In my view, a major solar-micro-grid investment is not justified because the institution’s load profile against potential generation won’t succeed. Another reason is that a significant share of FRC’s electrical power comes through a purchase consortium, providing power at under five cents per kilowatt hour. With less-than-retail energy prices and geothermal heating and cooling, the school has already eliminated much of its energy costs. Dr. Saxton recommended a baseline audit of energy and resource use. It’s fair to say that the college has been pursuing multiple energy-saving retrofits over a long period already.
The one constant in electric and other forms of energy savings has always been the armoring of the building envelope with more insulation, improved windows, efficient lighting, and the improvement of heating, cooling, and hot water efficiency. FRC already has these. Even though Dr. Saxton recommends LED lighting upgrades, let me remind that T-8 and T-5 fluorescent lighting has the same lumen efficiency as LEDs, though without having as long a life. The new FRC library building got LEDs as part of its construction, but retrofitting all other campus lighting may not pencil out because LED tube-based replacements are far more expensive than what they would replace.
FRC’s new buildings have met thermal codes, and the older temporaries were upgraded long ago. The school’s geothermal heating/cooling system floor space percentage as an entire campus is in the top 10 percent of all 107 community colleges. The original 1989 geo retrofit was a defense against monstrous all-electric bills at the time, and its success has fostered new and retrofitted geo installations for remaining campus buildings.

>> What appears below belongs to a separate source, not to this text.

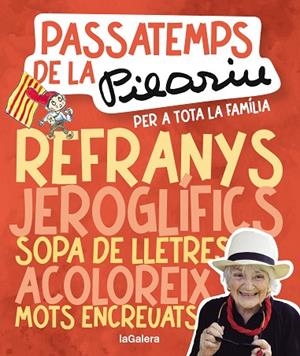 PASSATEMPS DE LA PILARIN PER A TOTA LA FAMÍLIA | 9788424675561 | BAYÉS DE LUNA, PILARIN | Llibreria L'Altell - Llibreria Online de Banyoles | Comprar llibres en català i castellà online - Llibreria de Girona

In recommending audits, Dr. Saxton also mentions water use on campus and specifically water pivots used to irrigate newly acquired ranch land south of Spanish Creek. The college obtains all its water from a well and, more recently, irrigation from the creek itself. I’ve already mentioned FRC’s low cost of power, much of which provides pumping for campus and ranch land irrigation.
It is important to note that regardless of irrigation costs, campus water grows feed for horses and cattle, both of which are part of FRC’s significant Equine and Ranch Management programs. This lowers costs by avoiding higher-priced imported feed. And with the addition of pivot sprinkling, students are being trained in the techniques of irrigation management, something that’s impossible to fully convey from inside a classroom. Students, in effect, have a lab at their disposal to better understand the concepts and the actual operation and maintenance of an irrigation system.
I applaud anyone’s interest in achieving energy savings and institutional leadership for green practices. Aside from specialized conferences and workshops that might involve the local community, I think FRC is currently behaving in a responsible way to do its part in minimizing global warming and the effects of climate change.